Greynet, IM Use Doubling Security Incident Costs

Oct. 17, 2007
Unauthorized applications costing more time, resources

A September 2007 survey of more than 700 employees and IT managers to determine the impact greynet applications have on companies and organizations. Greynets -- real-time consumer applications (such as instant messaging, P2P, VoIP) often introduced by individual end users and use evasive techniques to traverse the network -- pose myriad network and information security risks because they provide vectors for malware, intellectual property loss, identity theft and compliance risks.

According to the study, an average of nine greynets are in use within the typical organization, and 99% of IT managers report at least one greynet in use at their locations. In spite of deploying security infrastructure such as firewalls and IPS products, nine in 10 IT managers have experienced a greynet-related security incident in the last six months.
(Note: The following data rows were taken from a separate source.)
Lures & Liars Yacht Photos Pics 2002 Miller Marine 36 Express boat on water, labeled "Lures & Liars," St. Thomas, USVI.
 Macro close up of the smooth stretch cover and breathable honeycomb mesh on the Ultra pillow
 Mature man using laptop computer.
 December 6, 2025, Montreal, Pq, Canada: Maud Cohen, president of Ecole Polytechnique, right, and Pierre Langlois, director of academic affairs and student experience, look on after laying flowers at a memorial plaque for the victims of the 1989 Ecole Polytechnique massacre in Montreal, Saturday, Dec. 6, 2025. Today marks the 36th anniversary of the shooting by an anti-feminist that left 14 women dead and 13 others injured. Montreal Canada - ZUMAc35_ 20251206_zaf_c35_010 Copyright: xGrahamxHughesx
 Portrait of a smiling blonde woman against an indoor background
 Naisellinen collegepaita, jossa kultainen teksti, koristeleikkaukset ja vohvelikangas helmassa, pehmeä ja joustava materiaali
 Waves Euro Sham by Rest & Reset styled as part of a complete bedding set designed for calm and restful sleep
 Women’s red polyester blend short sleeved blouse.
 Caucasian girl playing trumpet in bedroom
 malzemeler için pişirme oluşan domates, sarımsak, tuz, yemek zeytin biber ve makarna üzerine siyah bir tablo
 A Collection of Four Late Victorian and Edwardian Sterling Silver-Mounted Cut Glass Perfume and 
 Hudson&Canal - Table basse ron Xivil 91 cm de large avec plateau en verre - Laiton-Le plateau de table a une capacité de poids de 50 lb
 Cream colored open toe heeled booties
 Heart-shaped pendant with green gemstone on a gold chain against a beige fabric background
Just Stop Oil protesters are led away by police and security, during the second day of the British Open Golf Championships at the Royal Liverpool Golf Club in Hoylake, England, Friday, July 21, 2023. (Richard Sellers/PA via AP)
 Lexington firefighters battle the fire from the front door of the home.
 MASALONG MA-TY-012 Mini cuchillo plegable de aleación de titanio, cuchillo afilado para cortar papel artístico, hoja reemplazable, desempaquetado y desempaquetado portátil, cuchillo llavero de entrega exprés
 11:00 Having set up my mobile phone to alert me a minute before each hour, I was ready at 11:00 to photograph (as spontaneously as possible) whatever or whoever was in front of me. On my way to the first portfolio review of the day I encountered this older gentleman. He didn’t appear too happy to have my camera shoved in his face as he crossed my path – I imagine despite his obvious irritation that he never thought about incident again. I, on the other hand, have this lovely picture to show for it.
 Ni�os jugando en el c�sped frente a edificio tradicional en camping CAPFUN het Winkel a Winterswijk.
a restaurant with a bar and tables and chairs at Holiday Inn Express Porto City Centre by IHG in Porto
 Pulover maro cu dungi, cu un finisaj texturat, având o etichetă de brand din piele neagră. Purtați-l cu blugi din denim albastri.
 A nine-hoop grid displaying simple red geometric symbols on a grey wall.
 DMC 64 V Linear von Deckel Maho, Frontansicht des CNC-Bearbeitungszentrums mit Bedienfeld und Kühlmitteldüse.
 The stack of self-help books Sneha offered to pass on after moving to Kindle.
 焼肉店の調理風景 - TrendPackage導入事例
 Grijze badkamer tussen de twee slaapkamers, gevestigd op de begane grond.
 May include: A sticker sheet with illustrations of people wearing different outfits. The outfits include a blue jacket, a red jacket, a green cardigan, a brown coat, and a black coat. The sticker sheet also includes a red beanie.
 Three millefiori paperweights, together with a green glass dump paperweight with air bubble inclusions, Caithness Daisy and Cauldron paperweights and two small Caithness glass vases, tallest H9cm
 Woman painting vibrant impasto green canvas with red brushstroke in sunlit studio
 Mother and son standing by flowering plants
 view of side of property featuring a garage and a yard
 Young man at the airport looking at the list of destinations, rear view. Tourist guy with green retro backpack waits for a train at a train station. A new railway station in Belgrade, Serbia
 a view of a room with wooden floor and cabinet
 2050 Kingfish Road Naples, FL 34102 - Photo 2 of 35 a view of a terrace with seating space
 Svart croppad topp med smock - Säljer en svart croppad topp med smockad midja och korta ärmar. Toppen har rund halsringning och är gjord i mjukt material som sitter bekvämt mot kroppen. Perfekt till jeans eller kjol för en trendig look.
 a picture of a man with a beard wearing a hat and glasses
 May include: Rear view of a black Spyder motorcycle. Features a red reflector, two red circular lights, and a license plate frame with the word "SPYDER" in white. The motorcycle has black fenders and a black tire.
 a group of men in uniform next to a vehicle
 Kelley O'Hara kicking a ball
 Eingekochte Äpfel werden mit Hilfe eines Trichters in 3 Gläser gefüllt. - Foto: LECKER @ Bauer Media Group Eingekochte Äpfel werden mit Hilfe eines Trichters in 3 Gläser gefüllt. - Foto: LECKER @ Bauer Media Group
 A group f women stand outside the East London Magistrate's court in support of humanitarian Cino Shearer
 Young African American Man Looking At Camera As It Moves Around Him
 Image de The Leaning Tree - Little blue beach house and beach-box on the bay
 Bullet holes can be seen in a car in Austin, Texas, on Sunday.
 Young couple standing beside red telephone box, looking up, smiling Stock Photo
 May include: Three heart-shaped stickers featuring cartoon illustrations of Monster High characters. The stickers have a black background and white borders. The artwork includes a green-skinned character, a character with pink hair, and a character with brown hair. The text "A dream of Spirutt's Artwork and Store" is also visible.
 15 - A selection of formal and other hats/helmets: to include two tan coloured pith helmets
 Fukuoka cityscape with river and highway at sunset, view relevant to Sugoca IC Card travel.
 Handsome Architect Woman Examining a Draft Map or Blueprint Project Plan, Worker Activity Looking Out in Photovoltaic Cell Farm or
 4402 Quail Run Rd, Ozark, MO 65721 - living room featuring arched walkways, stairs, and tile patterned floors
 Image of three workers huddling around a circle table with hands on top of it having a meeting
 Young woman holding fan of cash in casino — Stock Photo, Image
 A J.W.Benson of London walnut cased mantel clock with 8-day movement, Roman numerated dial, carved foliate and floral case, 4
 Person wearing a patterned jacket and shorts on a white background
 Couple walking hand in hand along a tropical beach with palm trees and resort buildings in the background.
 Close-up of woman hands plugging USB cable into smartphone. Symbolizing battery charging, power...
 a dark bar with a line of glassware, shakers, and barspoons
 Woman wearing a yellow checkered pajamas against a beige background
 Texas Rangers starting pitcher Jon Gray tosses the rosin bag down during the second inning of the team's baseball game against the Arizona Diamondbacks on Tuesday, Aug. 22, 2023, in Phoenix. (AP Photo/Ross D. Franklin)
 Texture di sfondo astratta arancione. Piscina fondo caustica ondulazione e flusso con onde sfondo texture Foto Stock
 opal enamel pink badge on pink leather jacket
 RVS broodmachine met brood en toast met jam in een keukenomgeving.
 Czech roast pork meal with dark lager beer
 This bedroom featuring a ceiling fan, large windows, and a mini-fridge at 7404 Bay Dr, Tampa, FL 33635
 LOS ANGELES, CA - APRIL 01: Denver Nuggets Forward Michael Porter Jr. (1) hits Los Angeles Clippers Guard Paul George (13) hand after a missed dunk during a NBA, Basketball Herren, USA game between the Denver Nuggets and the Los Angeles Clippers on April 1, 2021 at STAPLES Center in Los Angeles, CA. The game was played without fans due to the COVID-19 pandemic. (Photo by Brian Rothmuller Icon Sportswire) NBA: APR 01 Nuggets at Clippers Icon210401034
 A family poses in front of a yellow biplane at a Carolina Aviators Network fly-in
While some greynets such as Skype, instant messaging (IM) and Web conferencing have legitimate business uses, IT requires visibility and control to ensure their safe and productive use. With other greynets, such as P2P file sharing, video streaming and anonymizers, the risks might outweigh the benefits and organizations need the ability to accurately detect and block them. Greynets can be evasive on the network, often circumventing the traditional security infrastructure that was designed for e-mail and standard Web traffic.

IT managers reported spending an average of nearly $289,000 annually to repair or re-image company PCs after malware attacks over greynets, double the cost reported in last year's study ($130,000 per year). On average, IT managers experience nearly 39 incidents per month that require some kind of repair or remediation to end-user PCs and each repair requires, on average, about nine hours of work.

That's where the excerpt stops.